Erik smiles at her and she thinks of Tonio and feels like a butterfly pinned to a card and she shivers; metal pins through her wings, which are making her skin crawl with their need to be free and she doesn’t know if Erik would pull the pins out or push them in further.
* * *
Sean knows what a Banshee is. He’s not stupid, even if he doesn’t have Hank’s textbook smarts. And he’s American and never thinks of himself as anything else but his Nana was Irish born and bred and she’d loved to tell him tales of the old country when he was little so he knows his ghosts and spirits, the things that go bump in the night.
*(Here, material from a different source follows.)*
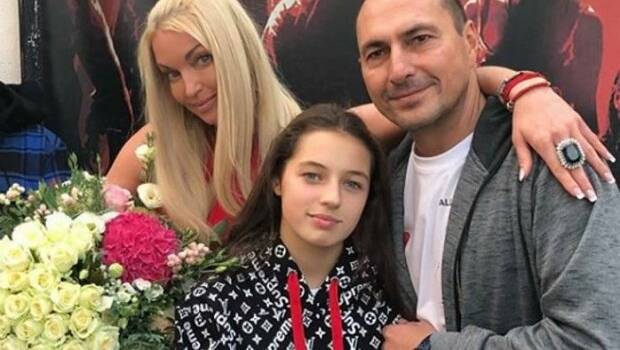 Дочь Анастасии Волочковой провела каникулы в Хельсинки с любовницей своего отца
The idea of Erik wailing or crying is so ridiculous it’s laughable – the dude doesn’t even talk that much, actually, except to the professor – but something about him does scream to Sean, and it screams ‘death omen’. He watches Erik where he’s standing at the window, looking at something only he can see out there in the gathering dusk. He sees Erik’s teeth flash suddenly in the gloom and he thinks ‘he’s more like a Black Dog’ and under that he thinks ‘someone’s going to die’ and over both he thinks ‘I wish he wouldn’t smile’ and he has to stop his hand from creeping up to cross himself.
* * *
Erik Lehnsherr makes Hank nervous. It’s true, admittedly, that nearly everyone makes Hank nervous – especially Raven – but the shiver he gets when Raven looks at him or brushes a hand against his or smiles at him is not at all like the creeping sensation he gets near Erik.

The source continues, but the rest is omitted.